• _WHAT YOU ARE ASKED TO DO_:
Your copy should begin with the line containing "NWOT camouflage jacket by PERI LUXE, large", end with the line containing "Thumbnail: 2024 Toyota Highlander - 22", match the listing below exactly, and contain no pictures.

◇ ◇ ◇ ◇ ◇ ◇ ◇

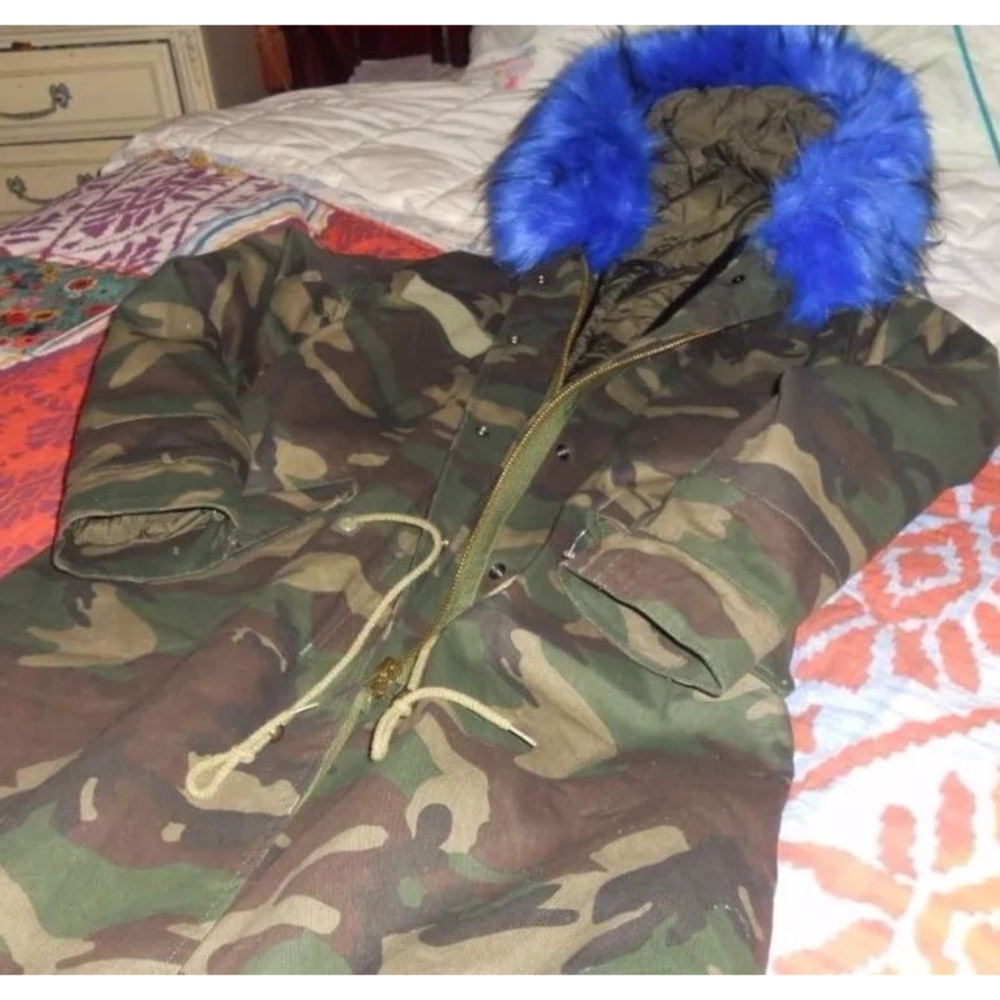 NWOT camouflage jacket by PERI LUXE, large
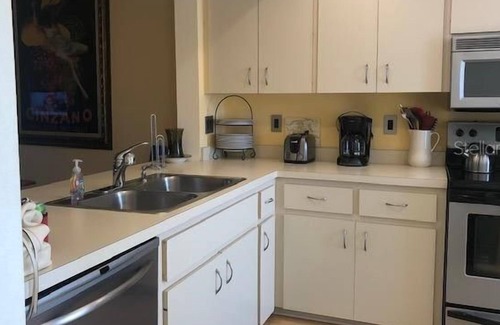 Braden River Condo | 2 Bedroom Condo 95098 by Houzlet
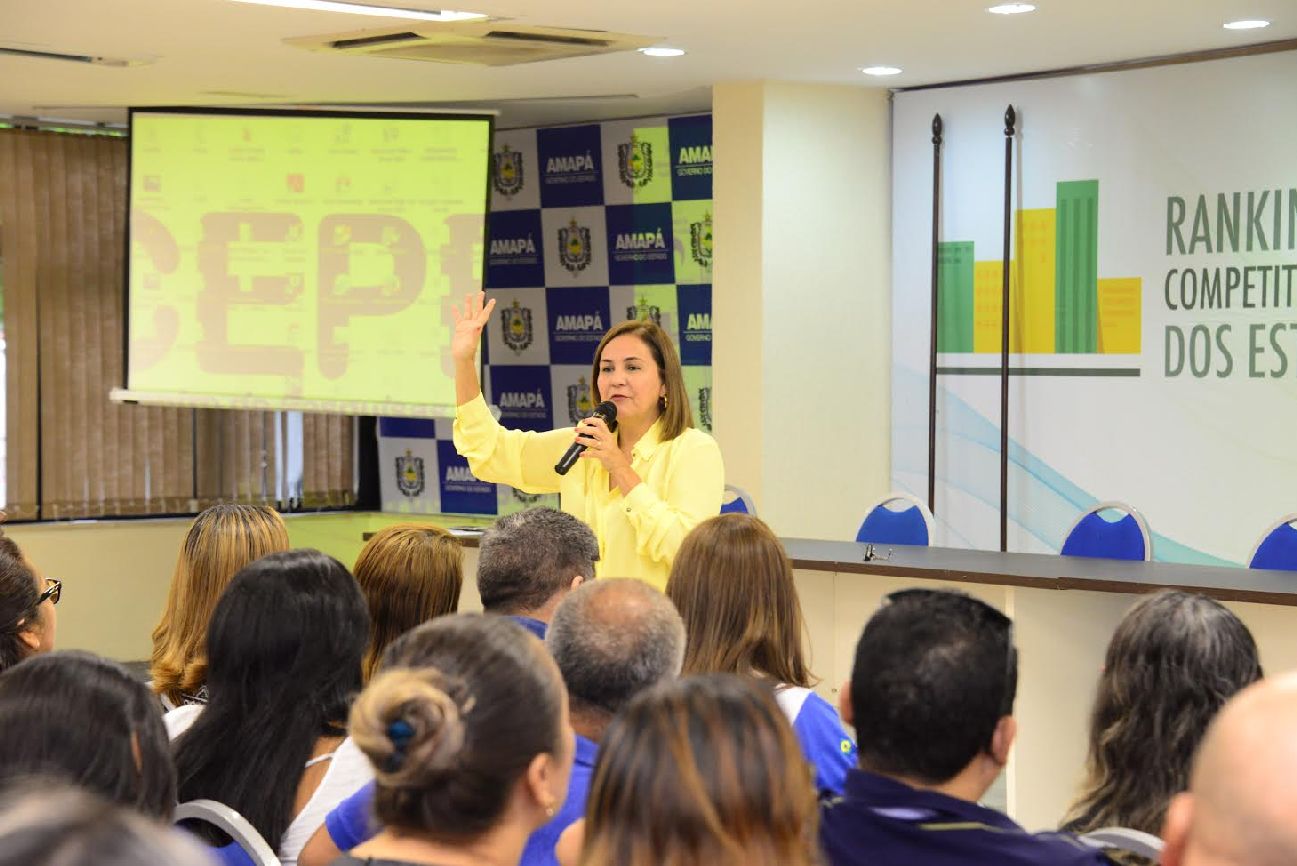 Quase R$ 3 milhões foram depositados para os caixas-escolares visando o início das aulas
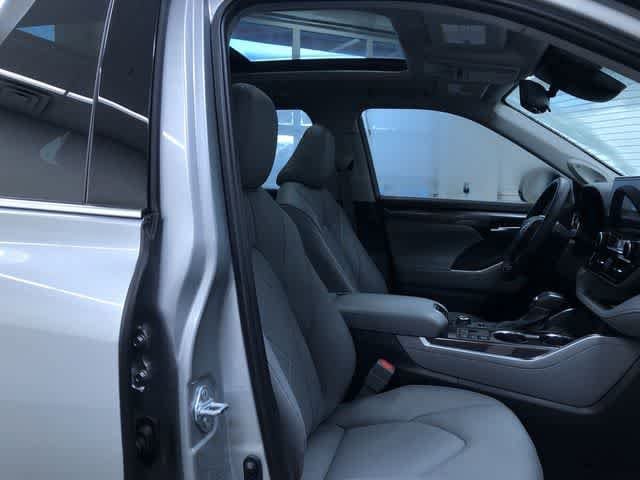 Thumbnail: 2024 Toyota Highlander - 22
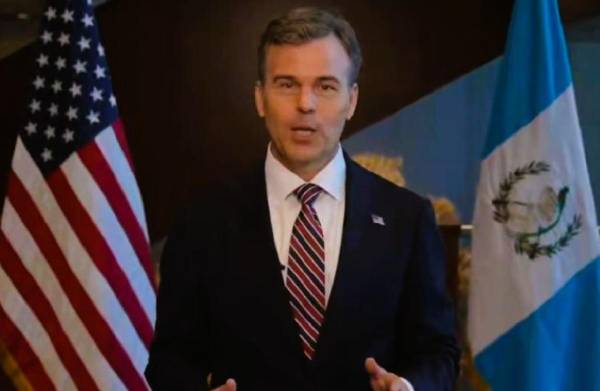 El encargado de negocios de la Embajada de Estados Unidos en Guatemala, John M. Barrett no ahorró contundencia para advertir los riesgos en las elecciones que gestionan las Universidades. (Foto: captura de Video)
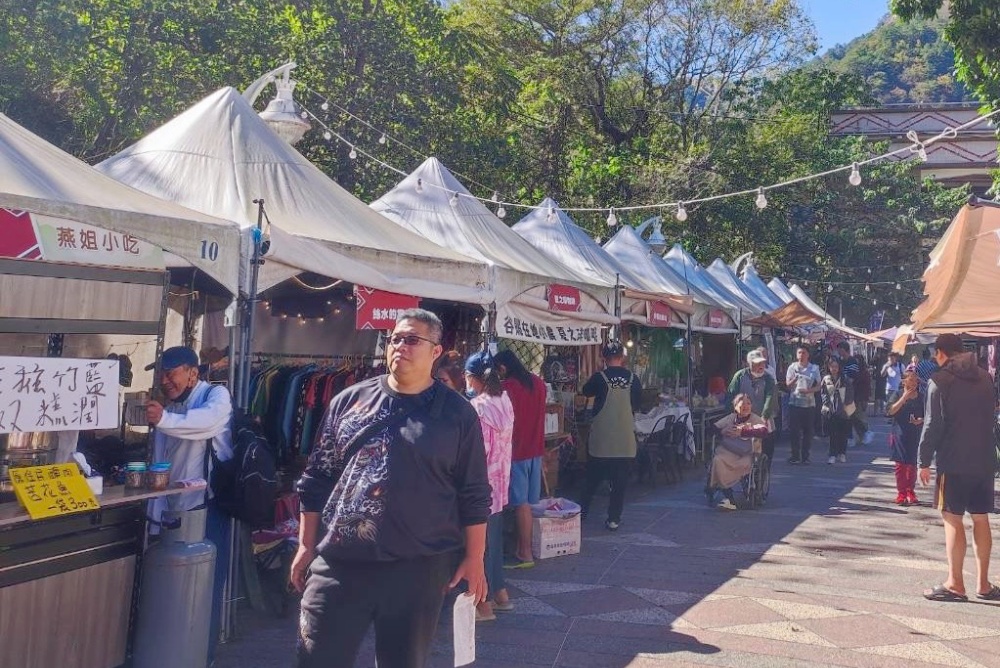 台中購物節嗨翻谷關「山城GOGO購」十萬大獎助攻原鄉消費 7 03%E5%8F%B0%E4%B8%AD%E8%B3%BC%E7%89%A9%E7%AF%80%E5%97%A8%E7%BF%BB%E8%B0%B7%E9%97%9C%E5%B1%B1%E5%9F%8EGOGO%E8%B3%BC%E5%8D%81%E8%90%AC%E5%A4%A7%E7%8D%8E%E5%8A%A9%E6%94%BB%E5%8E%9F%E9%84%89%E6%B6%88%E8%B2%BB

◇ ◇ ◇ ◇ ◇ ◇ ◇

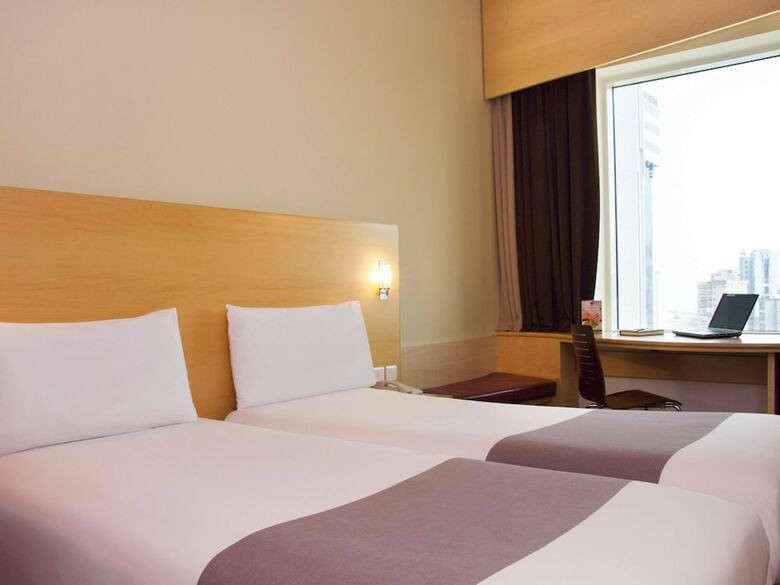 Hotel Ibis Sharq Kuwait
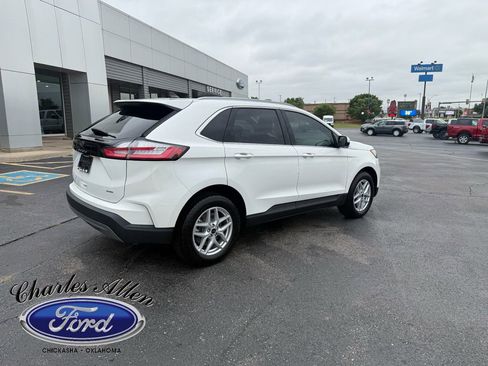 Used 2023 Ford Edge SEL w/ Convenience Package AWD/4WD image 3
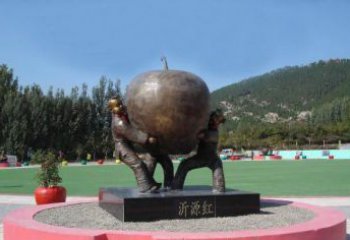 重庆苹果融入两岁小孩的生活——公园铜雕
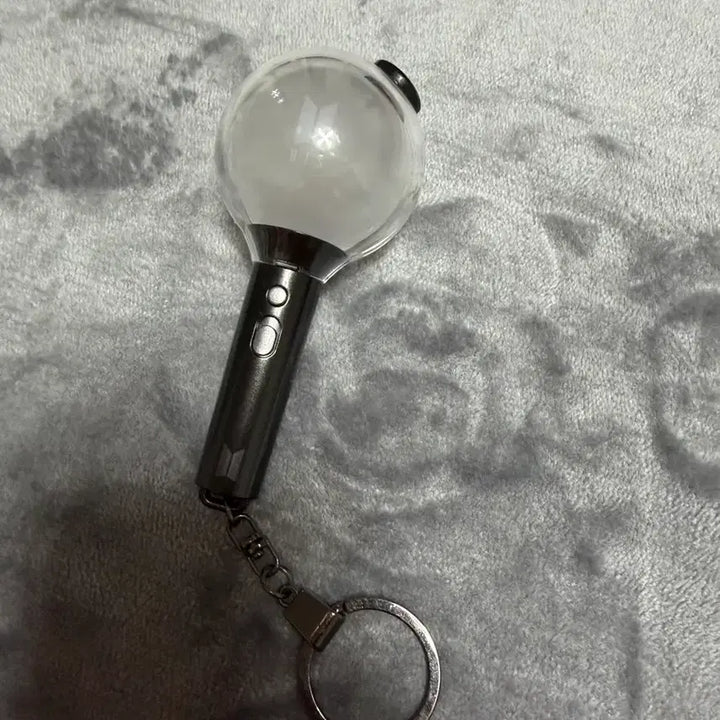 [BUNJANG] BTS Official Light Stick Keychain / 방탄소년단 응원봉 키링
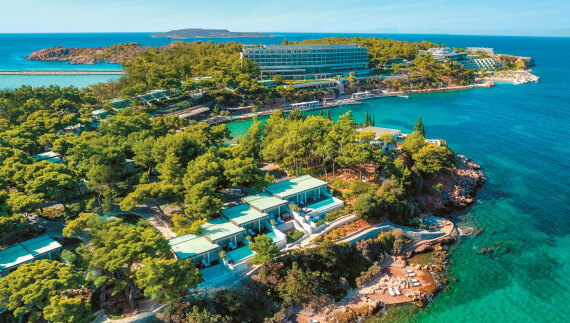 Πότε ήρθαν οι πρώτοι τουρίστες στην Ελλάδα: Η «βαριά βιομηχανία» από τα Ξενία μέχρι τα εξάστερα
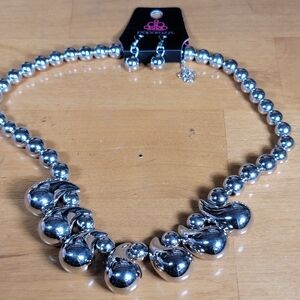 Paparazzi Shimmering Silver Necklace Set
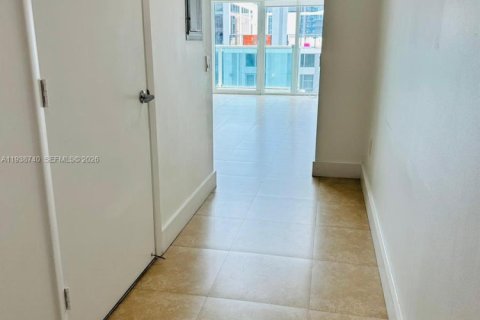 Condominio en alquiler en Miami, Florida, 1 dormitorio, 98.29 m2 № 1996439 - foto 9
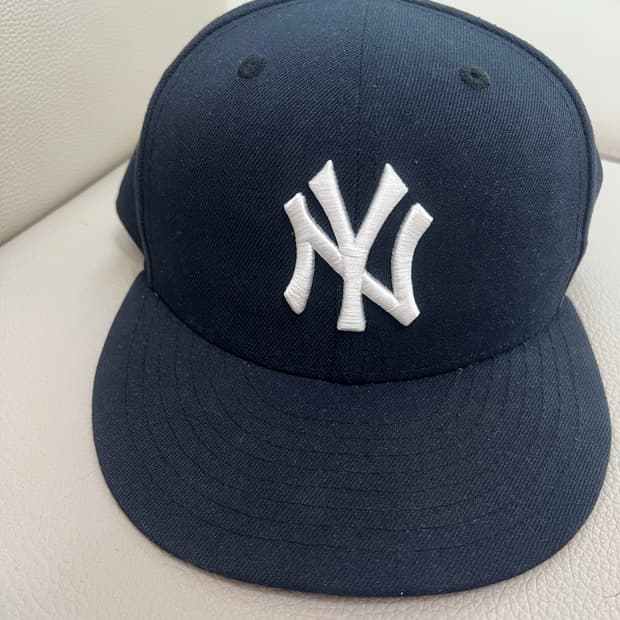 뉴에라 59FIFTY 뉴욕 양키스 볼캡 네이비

◇ ◇ ◇ ◇ ◇ ◇ ◇

• _THE ANSWER_:
 NWOT camouflage jacket by PERI LUXE, large
 Braden River Condo | 2 Bedroom Condo 95098 by Houzlet
 Quase R$ 3 milhões foram depositados para os caixas-escolares visando o início das aulas
 Thumbnail: 2024 Toyota Highlander - 22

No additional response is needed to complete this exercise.